Genau wie Klaus Habisreutinger war Max Krause, 67, von Anfang an bei den Schwabinger Hofflohmärkten dabei. Jedes Jahr beteiligt er sich: „Wir haben ein sehr gutes Verhältnis alle untereinander.“ Früher gab es sogar am Abend noch ein Hoffest, bei dem sich alle zusammengefunden haben. Schon immer hat Krause gerne auf Flohmärkten verkauft. Vor allem Kleinkram, den er nicht mehr braucht und über den sich jemand anderes freut.
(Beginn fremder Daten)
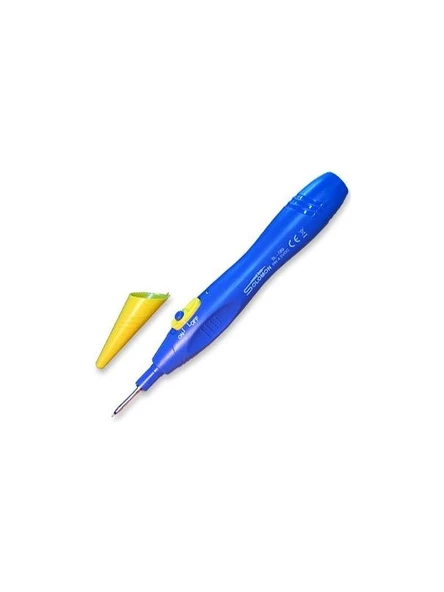 SOLOMON  SL-089 Pilli Kalem Havya ürün görseli 1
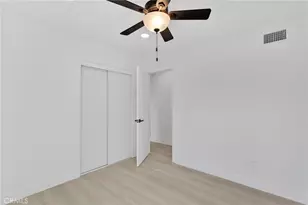 1844 Alston Ave, Colton, CA 92324 - Photo 11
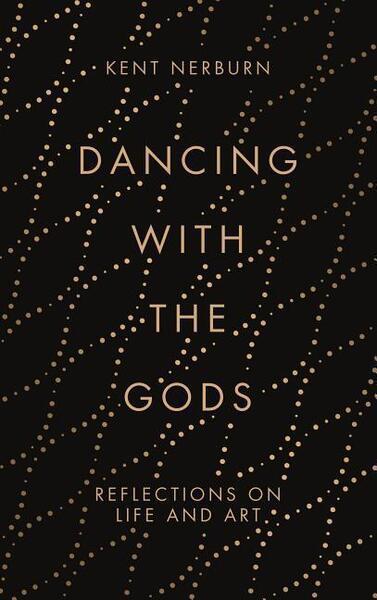 Dancing with the Gods - 1786891158
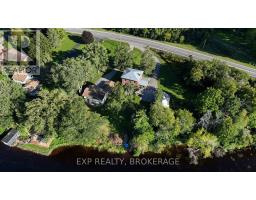 109 River Road, Greater Napanee, ON K7R3H3 Photo 46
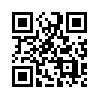 QR kód na túto stránku poi.oma.sk n1429374021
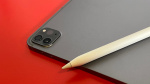 Surprise Apple Event Hints at First New iPads in Years  CNET Surprise Apple Event Hints at First New iPads in Years  CNET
Die Schwabinger Hofflohmärkte wurden vor 25 Jahren von Dorothee Fichter ins Leben gerufen. Auch sie erinnert sich gerne an die vergangenen Jahre: „Als ich während eines Hofflohmarktes vor mehreren Jahren an ein paar Tischen vorbeigeschlendert bin, ist mir eine ältere Frau mit ihren beiden erwachsenen Töchtern aufgefallen.“ Auf ihrem Verkaufstisch hatten sie kleine, glitzernde Glasschälchen ausgestellt. „Diese Schälchen waren nicht besonders wertvoll, aber wirklich sehr hübsch. So etwas habe ich sonst nie wieder gesehen“, erinnert sie sich. Die Frau erkannte Dorothee Fichter und wusste, dass sie die Hauptorganisatorin der Schwabinger Hofflohmärkte ist – daraufhin schenkte sie ihr zwei der Schälchen. Wenn Fichter heute die beiden Schalen in den gemütlichen Abendstunden mit Nüssen oder Oliven füllt, denkt sie gerne an dieses kleine, aber besondere Erlebnis zurück.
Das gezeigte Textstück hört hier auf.